== Problem requirements ==
When you reach the line holding "Damaki * Çeşme" in the material below, return that line and each one after it, word for word, with the pictures dropped.
==================================================
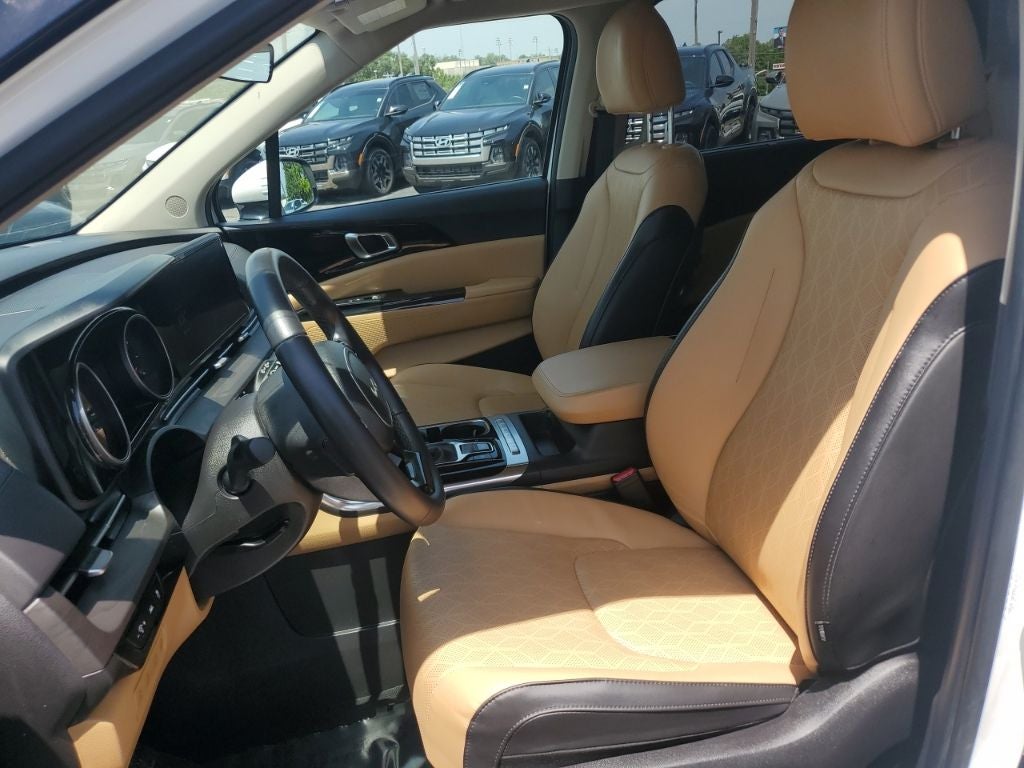 2024 Kia Carnival EX
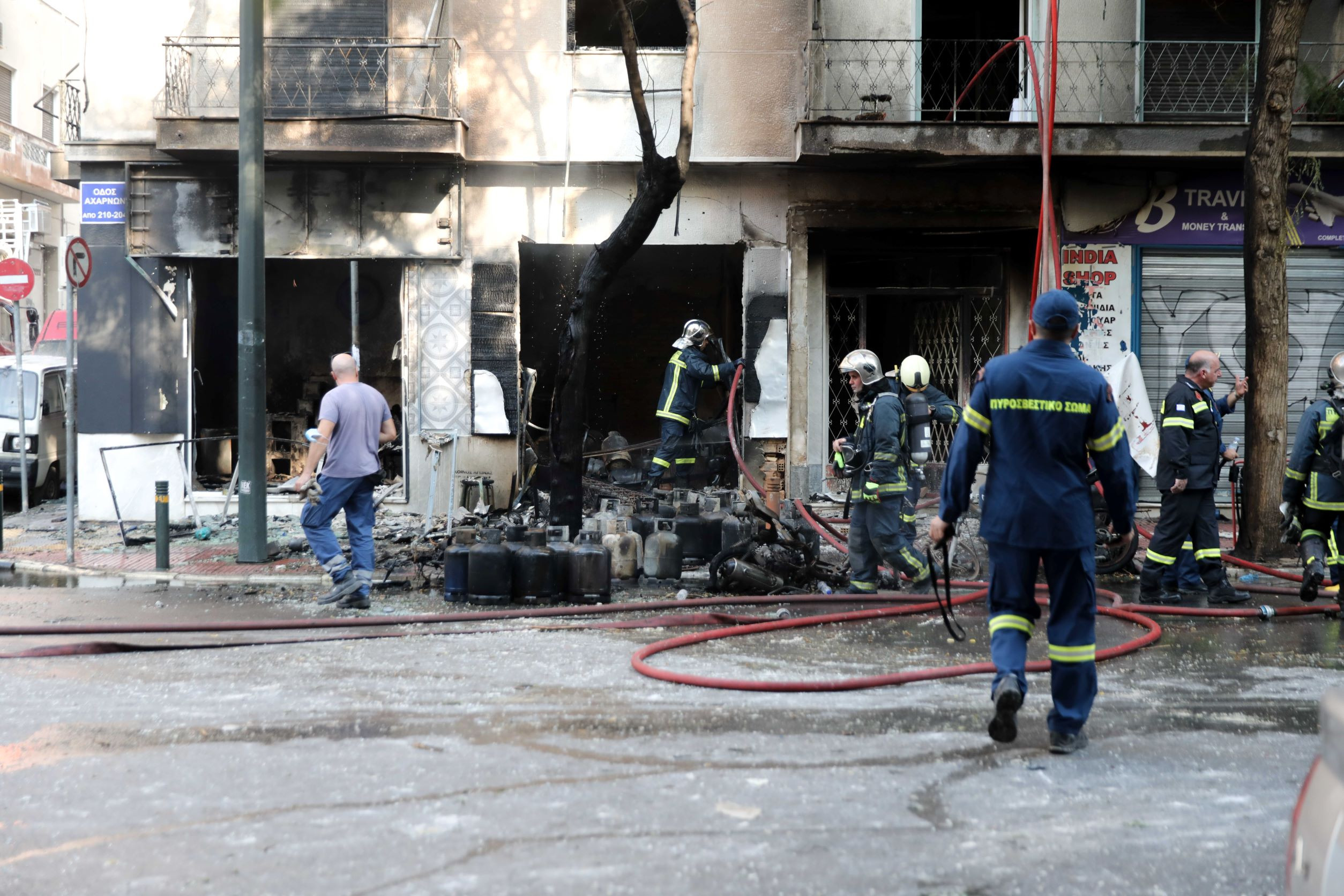 Βίντεο – ντοκουμέντο από τις εκρήξεις στο κατάστημα με υγραέριο στην Αχαρνών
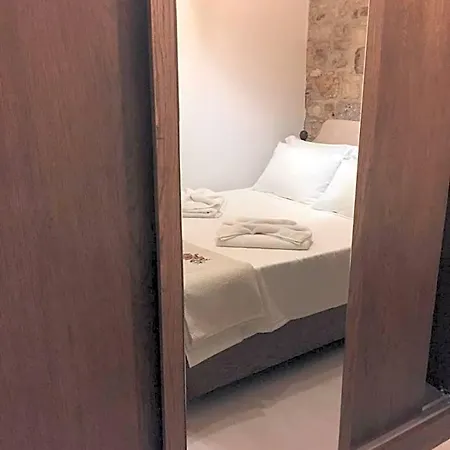 Damaki * Çeşme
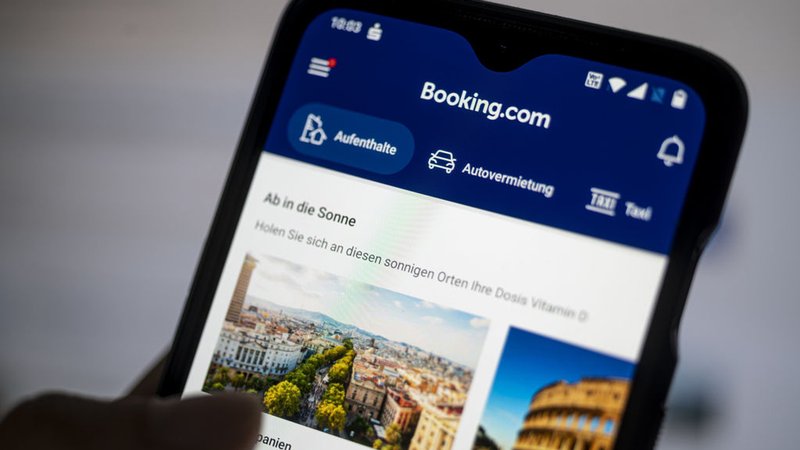 (Symbolbild) Die Plattform Booking.com muss zukünftig fairere Bedingungen für Anbieter von Hotels und Ferienwohnungen schaffen | Bild: dpa-Bildfunk/Fabian Sommer (Symbolbild) Die Plattform Booking.com muss zukünftig fairere Bedingungen für Anbieter von Hotels und Ferienwohnungen schaffen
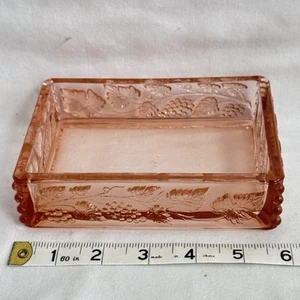 Vtg Westmoreland Beaded Grape Grapevine Pink Glass Covered Dresser Box Base - Picture 1 of 5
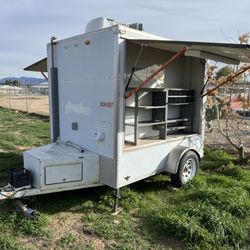 Nice 5x10 Enclosed Trailer With Side Doors And Rear Door. Has Honda Generator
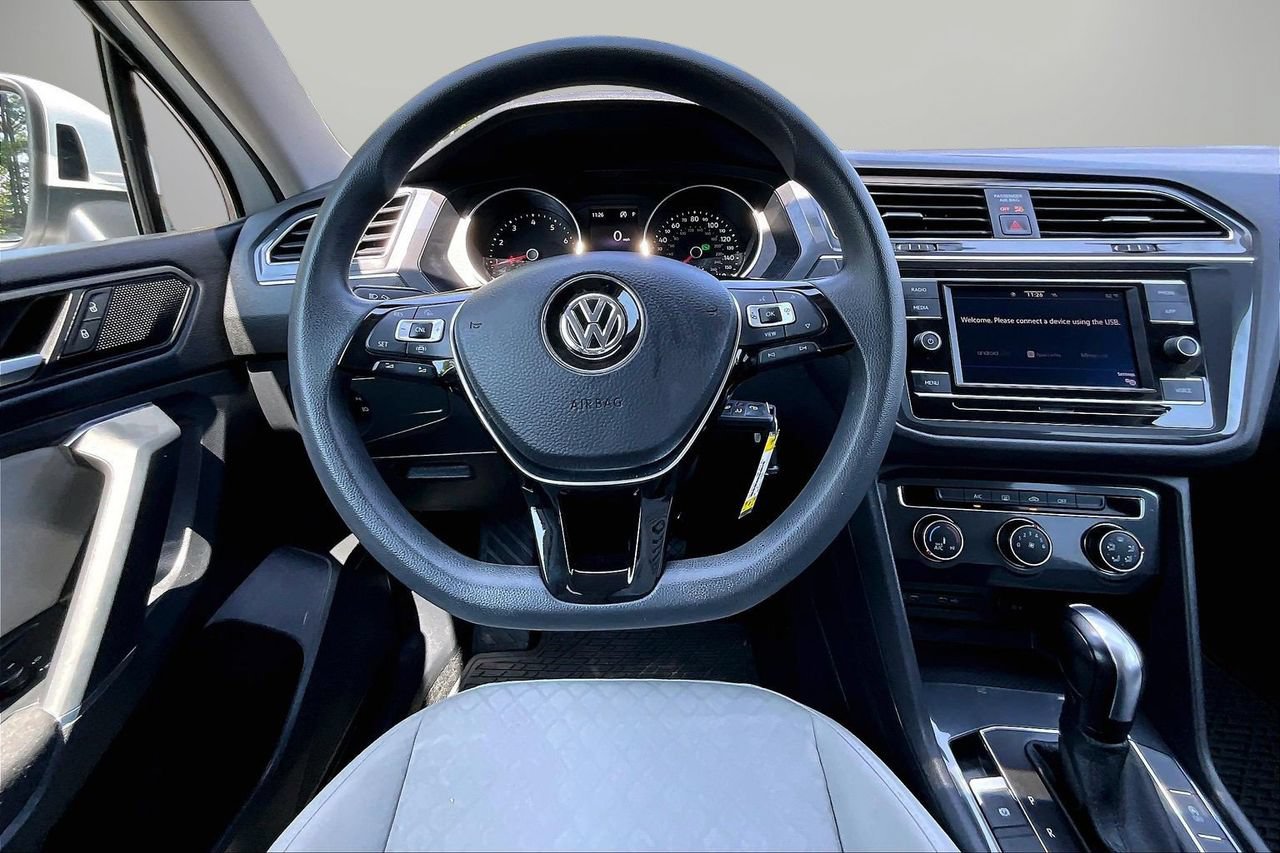 Used 2020 Volkswagen Tiguan S FWD image 11
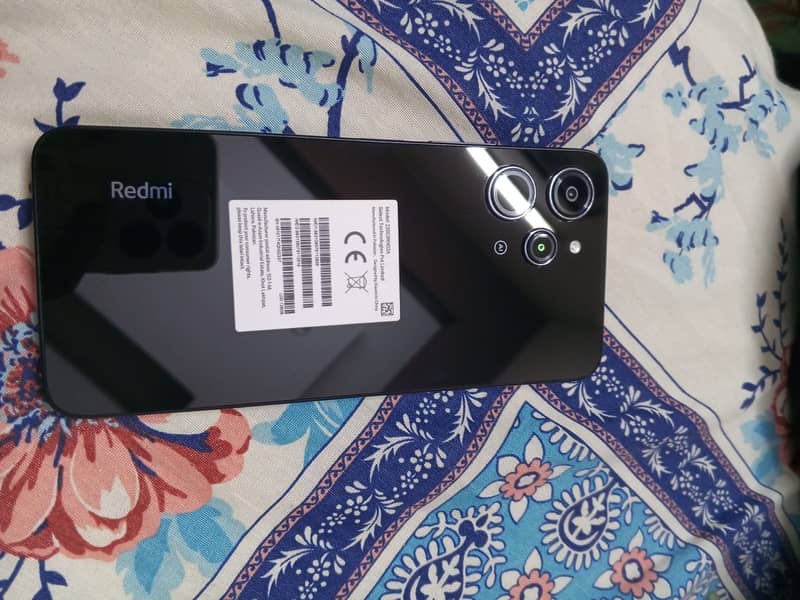 Xiaomi Redmi 12 8/128 10 months warranty available 1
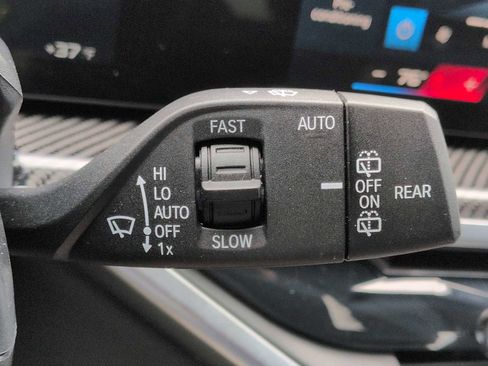 Used 2025 BMW X5 M Competition w/ Executive Package image 28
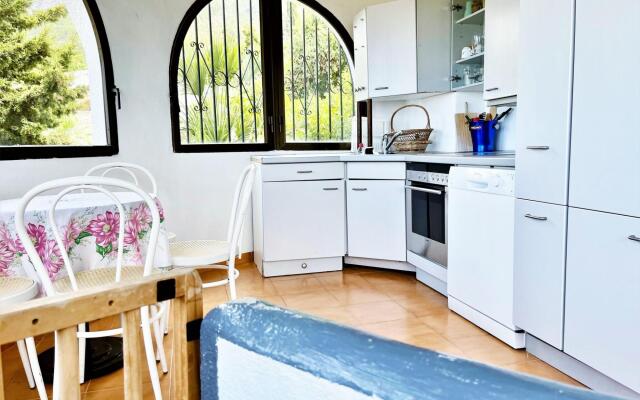 Authentic holiday home in Denia with bubble bath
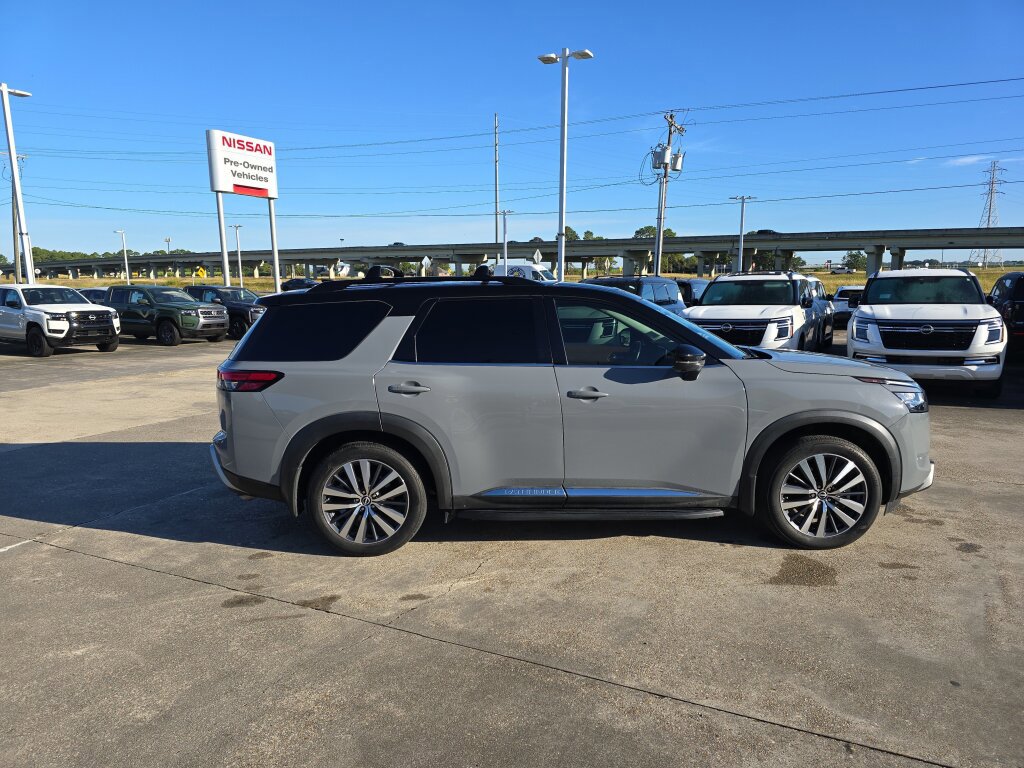 Used 2022 Nissan Pathfinder Platinum w/ Lighting Package (N93) image 7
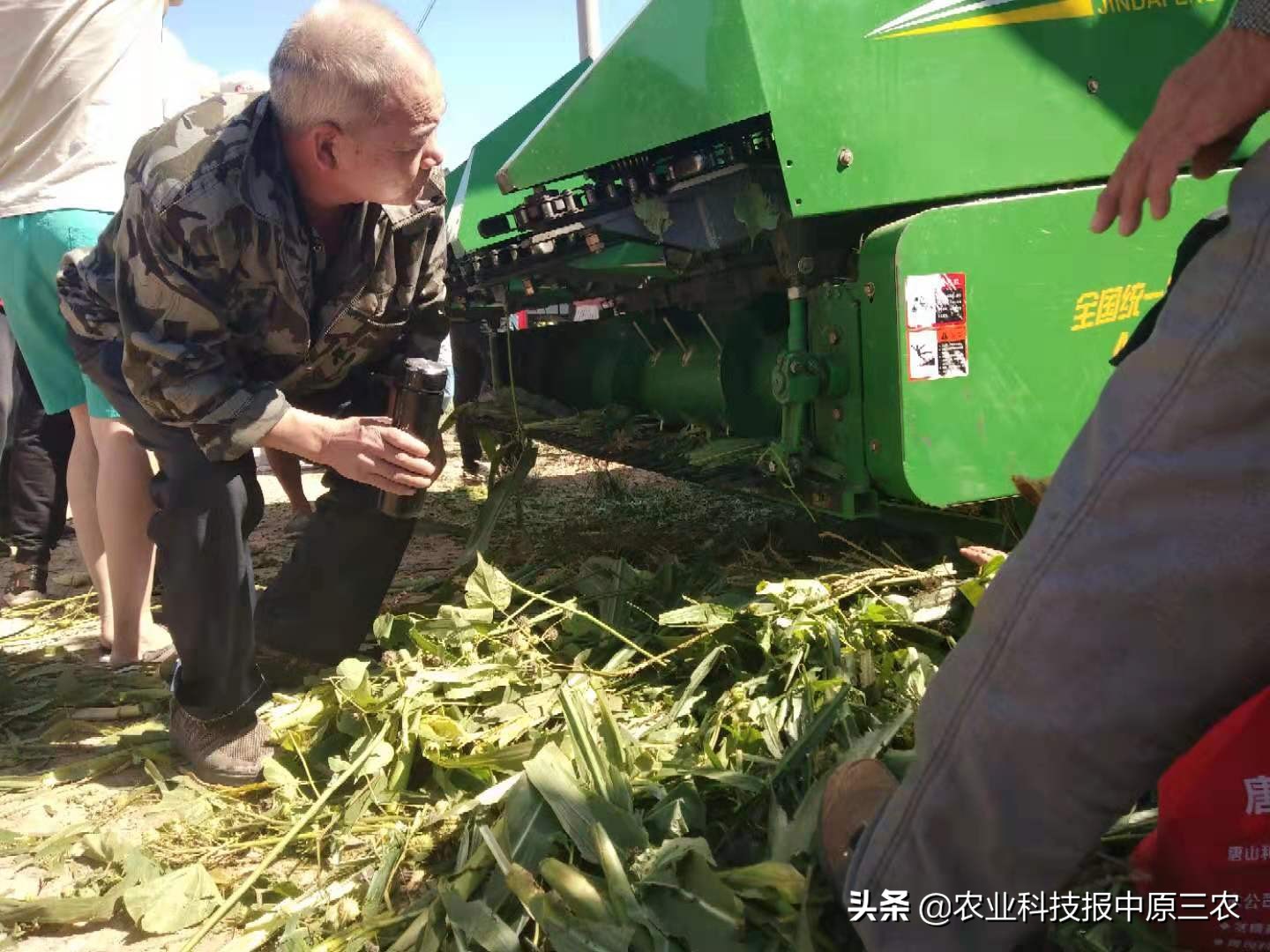 规模盛大！第二届华北农机地头展在中国庞口成功举行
==================================================
== Response for this exercise ==
 Damaki * Çeşme
 (Symbolbild) Die Plattform Booking.com muss zukünftig fairere Bedingungen für Anbieter von Hotels und Ferienwohnungen schaffen | Bild: dpa-Bildfunk/Fabian Sommer (Symbolbild) Die Plattform Booking.com muss zukünftig fairere Bedingungen für Anbieter von Hotels und Ferienwohnungen schaffen
 Vtg Westmoreland Beaded Grape Grapevine Pink Glass Covered Dresser Box Base - Picture 1 of 5
 Nice 5x10 Enclosed Trailer With Side Doors And Rear Door. Has Honda Generator
 Used 2020 Volkswagen Tiguan S FWD image 11
 Xiaomi Redmi 12 8/128 10 months warranty available 1
 Used 2025 BMW X5 M Competition w/ Executive Package image 28
 Authentic holiday home in Denia with bubble bath
 Used 2022 Nissan Pathfinder Platinum w/ Lighting Package (N93) image 7
 规模盛大！第二届华北农机地头展在中国庞口成功举行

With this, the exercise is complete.